We’re now, oddly enough, in Protestant theological territory, closer
to the doctrine of justification by faith, in which neither the church
nor the suffering man play any role whatsoever in the man’s salvation,
which is a gift of Grace from God, pure and simple.

It’s clear that in these two films Hitchcock was not just expressing resentment over the terrors and the residual guilt inculcated by a Catholic
education.  He was articulating complex themes in Christian
thought, trying to dramatize them in an entertaining way but also to
situate them in the real world, in a plausible evocation of modern-day
Quebec, where I Confess is set, and New York, where The Wrong Man
is set.


“Film is not a slice of life,” Hitchcock famously
said, “it’s a slice of cake”.  But there’s very little cake on display
in either of these films — and in the mean streets of The Wrong Man,
in the suffocating rooms and cells and hallways of police stations and
prisons and courthouses, there is only wormwood and gall.

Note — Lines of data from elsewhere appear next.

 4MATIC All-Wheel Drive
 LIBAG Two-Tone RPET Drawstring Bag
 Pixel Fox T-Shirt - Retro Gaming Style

The two films stand out as great and profound works of
Christian art, explicit meditations on Christian theology in a century
(and an industry) not noted for such concerns.  Like all good parables
they can be enjoyed simply as stories, but Hitchcock makes it very
clear (see the image from I Confess at the beginning of this post) that he had heaven on his mind when he made them, that he was
asking deep questions about the nature and the mechanism of salvation.